A comparação, no entanto, com os números do crescimento da monocultura de eucalipto, mostra a timidez com que o Espírito Santo atua no combate à crise climática mundial e à desertificação, que avança a passos largos principalmente no norte e noroeste do Estado.

Entre 2007 e 2015, segundo o Atlas da Mata Atlântica do Espírito Santo, os plantios de eucalipto ocuparam mais 45 mil hectares de terras, destacando-se como o uso do solo que mais cresceu no período.
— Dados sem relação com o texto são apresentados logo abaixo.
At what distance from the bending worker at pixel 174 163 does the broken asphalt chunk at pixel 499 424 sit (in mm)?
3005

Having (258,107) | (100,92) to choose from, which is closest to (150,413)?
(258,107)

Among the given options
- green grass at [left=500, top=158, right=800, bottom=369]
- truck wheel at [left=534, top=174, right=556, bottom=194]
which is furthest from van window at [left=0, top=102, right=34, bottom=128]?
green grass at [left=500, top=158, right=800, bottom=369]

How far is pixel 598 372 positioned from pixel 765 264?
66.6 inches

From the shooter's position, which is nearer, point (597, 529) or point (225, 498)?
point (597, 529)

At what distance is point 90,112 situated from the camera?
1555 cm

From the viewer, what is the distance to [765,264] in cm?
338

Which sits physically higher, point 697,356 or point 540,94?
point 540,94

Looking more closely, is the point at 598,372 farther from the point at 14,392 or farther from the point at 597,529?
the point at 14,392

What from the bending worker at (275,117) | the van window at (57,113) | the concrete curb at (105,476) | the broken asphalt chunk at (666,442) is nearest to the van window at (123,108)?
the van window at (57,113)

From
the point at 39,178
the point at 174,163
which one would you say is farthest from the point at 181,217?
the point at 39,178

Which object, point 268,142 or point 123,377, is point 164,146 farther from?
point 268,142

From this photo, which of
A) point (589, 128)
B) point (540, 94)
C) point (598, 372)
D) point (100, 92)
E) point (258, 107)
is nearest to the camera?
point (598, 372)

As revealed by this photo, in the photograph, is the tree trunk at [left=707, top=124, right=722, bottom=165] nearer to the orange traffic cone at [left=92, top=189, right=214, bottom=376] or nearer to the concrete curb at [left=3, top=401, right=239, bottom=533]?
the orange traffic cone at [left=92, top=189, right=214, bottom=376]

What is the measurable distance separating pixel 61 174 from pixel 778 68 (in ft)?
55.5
A atualização do Atlas, prevista para 2021, vai constatar se a dianteira dos monocultivos de eucalipto se mantém. Por enquanto, o que se sabe vem dos comunicados, no Diário Oficial, de autorização de licença para plantio emitidos pelo Instituto de Defesa Agropecuária e Florestal (Idaf) à Suzano (ex-Fibria, ex-Aracruz Celulose) e a observação, in loco, da escalada do trio concentração de terra/monoculturas/desertificação, feita por lideranças de movimentos sociais do campo.

“O maior problema é que o programa do governo é muito tímido. Se olhar para expansão do eucalipto e da desertificação no Estado, e se olhar para urgência do problema climático no Estado e no mundo, falar que reflorestou essa quantidade tão pequena, é muito tímido. E não estão sendo contratados novos projetos”, avalia Valmir Noventa, da coordenação estadual do Movimento dos Pequenos Agricultores (MPA/ES).
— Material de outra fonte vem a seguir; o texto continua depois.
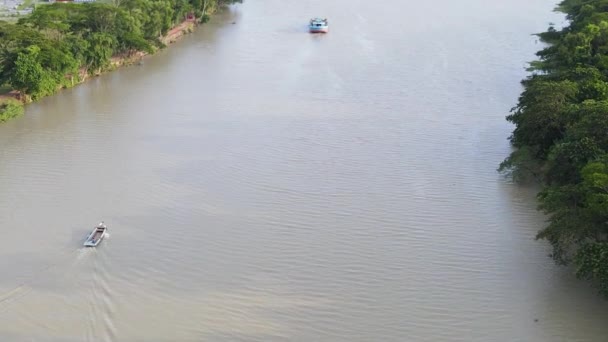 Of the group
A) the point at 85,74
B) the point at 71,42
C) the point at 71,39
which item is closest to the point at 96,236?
the point at 71,42

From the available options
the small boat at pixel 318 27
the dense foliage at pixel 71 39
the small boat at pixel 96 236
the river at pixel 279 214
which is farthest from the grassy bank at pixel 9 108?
the small boat at pixel 318 27

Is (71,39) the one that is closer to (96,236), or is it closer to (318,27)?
(96,236)

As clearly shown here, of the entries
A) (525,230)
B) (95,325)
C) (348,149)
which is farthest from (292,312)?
(348,149)

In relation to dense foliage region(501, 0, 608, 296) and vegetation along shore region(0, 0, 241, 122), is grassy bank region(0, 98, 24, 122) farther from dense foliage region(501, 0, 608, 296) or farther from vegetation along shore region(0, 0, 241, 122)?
dense foliage region(501, 0, 608, 296)

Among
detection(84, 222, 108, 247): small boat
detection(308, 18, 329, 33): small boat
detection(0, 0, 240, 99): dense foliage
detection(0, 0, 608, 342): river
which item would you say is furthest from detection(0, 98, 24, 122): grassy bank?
detection(308, 18, 329, 33): small boat

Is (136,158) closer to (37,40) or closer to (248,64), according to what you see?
(37,40)

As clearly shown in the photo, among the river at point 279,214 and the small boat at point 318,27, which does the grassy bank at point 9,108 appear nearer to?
the river at point 279,214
“Nitidamente se percebe que na área ambiental não há ganho, o balanço não é positivo. Áreas de eucalipto não são reflorestamento, são processo de degradação e desertificação, que avançam sobre o território norte e noroeste”, relata o camponês.
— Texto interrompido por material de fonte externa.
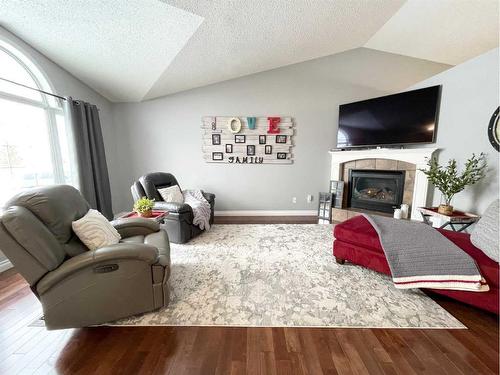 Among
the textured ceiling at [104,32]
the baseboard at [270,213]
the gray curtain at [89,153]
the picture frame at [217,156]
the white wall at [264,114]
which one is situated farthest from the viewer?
the baseboard at [270,213]

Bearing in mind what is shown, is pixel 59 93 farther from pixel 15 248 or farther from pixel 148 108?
pixel 15 248

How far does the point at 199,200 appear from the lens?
10.6ft

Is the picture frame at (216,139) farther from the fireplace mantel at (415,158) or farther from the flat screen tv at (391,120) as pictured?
the fireplace mantel at (415,158)

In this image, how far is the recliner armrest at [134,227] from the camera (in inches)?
76.3

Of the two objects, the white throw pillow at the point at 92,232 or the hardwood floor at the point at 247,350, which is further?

É nessa região que se concentram também os maiores latifúndios existentes hoje no Estado, decorrentes de um processo histórico de apropriação de terras por grandes fazendeiros e empresas, em contraste com outras áreas do Estado, principalmente na região serrana, onde a pequena propriedade familiar predomina e a cobertura florestal nativa média dos municípios é maior que nas demais regiões.

Na plataforma LabDadosBrasil, é possível consultar dados abertos até março passado pelo Instituto Nacional de Colonização e Reforma Agrária (Incra) que identificam, no Espírito Santo, 77 propriedades com mais de dois mil hectares cada, somando 365,87 hectares, presentes em 20 municípios. Cinquenta e oito delas estão nos municípios de Aracruz, Conceição da Barra, Ecoporanga, Linhares, Montanha e São Mateus.

De posse da Suzano e da Aracruz Celulose, estão 15 das 77 propriedades, que somam mais de um terço da área total: 134,88 mil ha. As duas empresas – que se fundiram em 2018, criando a maior gigante do setor, com 16% do mercado mundial – possuem fazendas principalmente em Conceição da Barra (56,81 mil ha) e Aracruz (49,51 mil ha).

Liderança do Movimento dos Trabalhadores Rurais Sem Terra (MST) no Espírito Santo, Adelso Rocha Lima salienta que apenas uma das fazendas da empresa em Conceição da Barra tem 52,3 mil ha, área maior que a soma de todos os assentamentos de reforma agrária existentes no Espírito Santo, que somam 49 mil hectares, onde vivem e produzem alimentos 4.424 famílias.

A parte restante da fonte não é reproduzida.